Silny ból, opuchlizna, zaczerwienienie, świąd. Każdy, kogo użądliła kiedyś osa, zna te odczucia. Małe owady potrafią zaszkodzić. I nie chodzi tylko o osoby uczulone, choć dla nich styczność z osą jest najbardziej bolesna i groźna.
Może dojść do rekcji alergicznej i wstrząsu anafilaktycznego. Podobnie może być także w przypadku, gdy osa ugryzie osobę, która nie jest uczulona. Zwłaszcza gdy owad zaatakuje okolice gardła, jamy ustnej czy język. Wówczas pojawia się duży obrzęk dróg oddechowych i może to utrudnić oddychanie.
Użądlenie osy. Co robić?
Kiedy użądli nas osa, należy w to miejsce przyłożyć lód lub zimny okład. Może też pomóc okład z octu. To krok pierwszy, bo dobrze jest też użyć leków z metanolem lub przeciwalergicznych – najlepiej maści lub żelu. Może się jednak okazać, że to za mało. Wtedy trzeba skontaktować się lekarzem. Dlaczego udzielamy teraz takich rad? Bo...
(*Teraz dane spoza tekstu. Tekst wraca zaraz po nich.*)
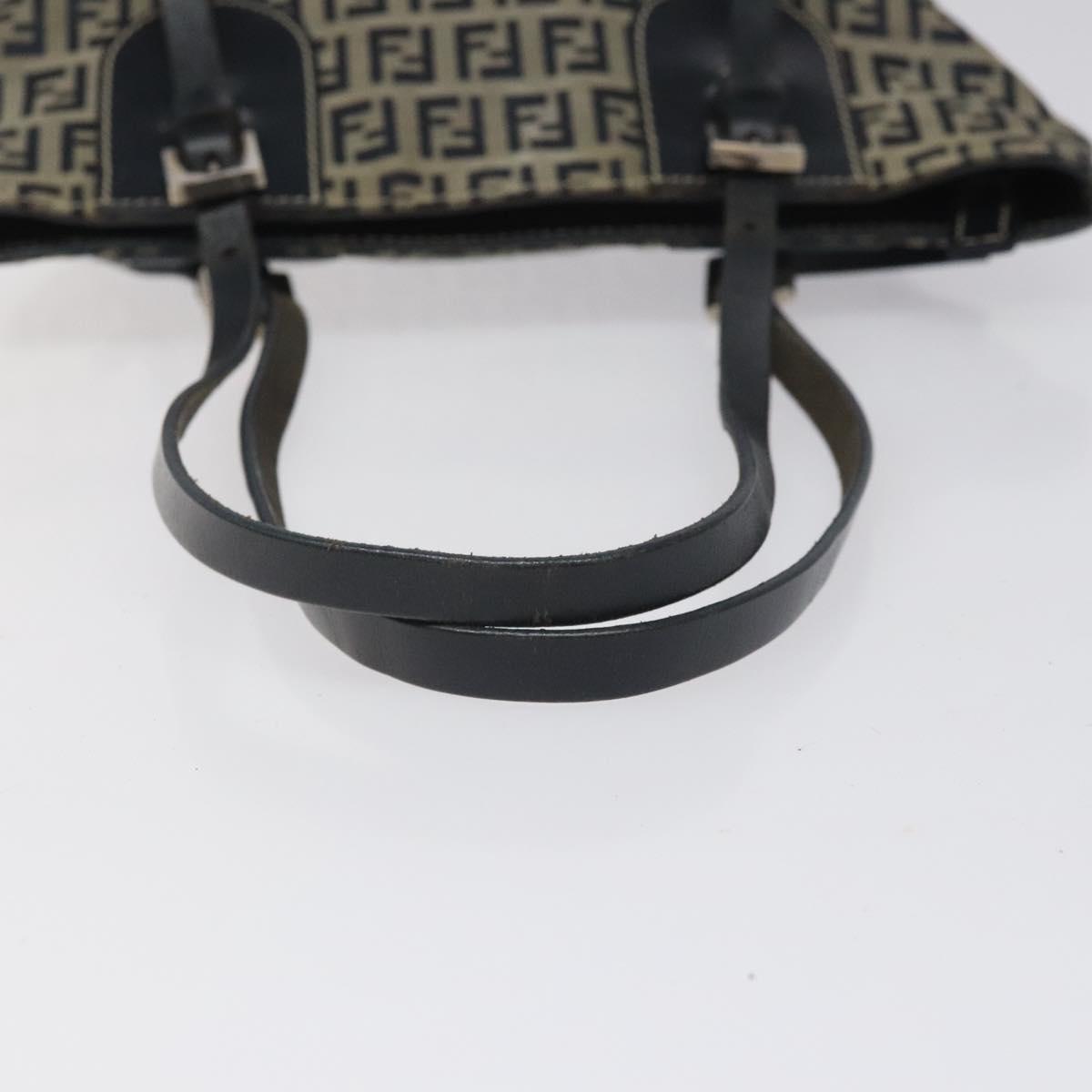 FENDI Zucchino Canvas Hand Bag Navy Silver 115520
Teraz pojawiło się sporo os
Byłem kilka dni temu w restauracji na świeżym powietrzu. W pewnym momencie przy stoliku zaroiło się od os. To zrozumiałe, że przylatywały do słodkich napojów.
– opowiada pan Kacper
I dodaje, że osa ugryzła jego córkę w dłoń.
Bolało, płakała, obrzęku nie było wielkiego, ale ból utrzymywał się 2 dni. Użyliśmy maści na ukąszenia.
– dodaje
Po powrocie do domu zaczął się przyglądać baczniej otoczeniu i dostrzegł, że o ile do tej pory nie było os, to teraz pojawiło się ich sporo.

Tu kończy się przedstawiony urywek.